The underlying Lightbend Telemetry metric is akka_actor_processing_time_ns which is a histogram. The SMA model uses the median of the metric. For worst case scenarios it may be appropriate to use a higher quantile such as 95th percentile.

akka_http_server_response_time

Akka HTTP servers take remote requests, initiate some work, and then respond with an HTTP code to the remote requestor. The akka_http_server_response_time monitor warns if that time is anomalous compared to average response time, in similar manner to the akka_processing_time monitor.

Failure Examples

TBD

Suggested Actions

TBD

Implementation

This is a SMA monitor based on the measure of the time it takes for the server to respond as provided by Lightbend Telemetry akka_http_http_server_response_time_ns

Tuning

Basic

There are two parameters that can be tuned in the SMA model.

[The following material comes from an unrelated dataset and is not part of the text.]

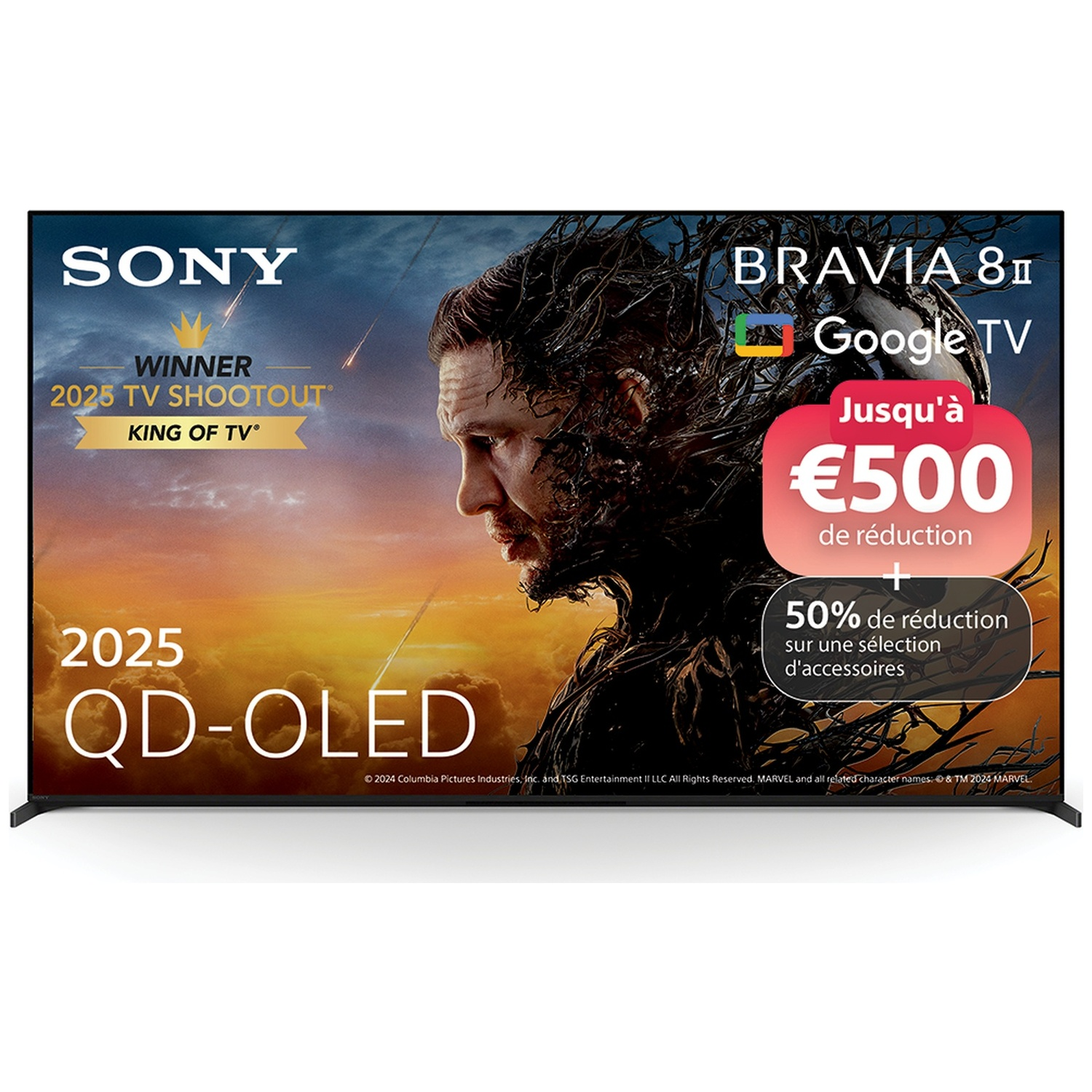 Téléviseur Sony Bravia 8 II QD-OLED avec promo Venom et 500 euros de réduction.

First one is the window size for estimating the running mean and standard deviation. The default value is 15 minutes. Shorter windows will make the estimate of the mean sensitive to transient effects. The second parameter is the multiplier of the standard deviation. The default value is 2. Larger values will cause the model to accept larger deviations from the running mean as normal.

Advanced

The underlying Lightbend Telemetry metric is akka_http_http_server_response_time_ns which is a histogram. The SMA model uses the median of the metric. For worst case scenarios it may be appropriate to use a higher quantile such as 95th percentile.

akka_http_client_response_time

Akka applications may communicate with remote HTTP servers by making requests and waiting for a response. The akka_http_client_response_time monitor warns if that waiting time is anomalous compared to average wait time, in similar manner to the akka_processing_time monitor.

Failure Examples

TBD

Suggested Actions

TBD

Implementation

This is a SMA monitor based on the measure of the client wait time as provided by Lightbend Telemetry akka_http_http_client_http_client_service_response_time_ns

Tuning

Basic

There are two parameters that can be tuned in the SMA model. First one is the window size for estimating the running mean and standard deviation. The default value is 15 minutes. Shorter windows will make the estimate of the mean sensitive to transient effects. The second parameter is the multiplier of the standard deviation. The default value is 2. Larger values will cause the model to accept larger deviations from the running mean as normal.

Advanced

The underlying Lightbend Telemetry metric is akka_http_http_client_http_client_service_response_time_ns which is a histogram. The SMA model uses the median of the metric. For worst case scenarios it may be appropriate to use a higher quantile such as 95th percentile.

akka_http_server_5xx

Akka HTTP server endpoints may receive requests that cause crashes or otherwise result in 500 class HTTP responses. The akka_http_server_5xx monitor warns if such 5xx errors are observed continuously for 5 minutes.

Failure Examples

TBD

Suggested Actions

TBD

Implementation

This is a threshold model based on the rate of 5xx errors per second as provided by Lightbend Telemetry akka_http_http_server_responses_5xx_rate

Tuning

Basic

The default value of the threshold is 0. Although, this can be changed, it is probably the only meaningful value.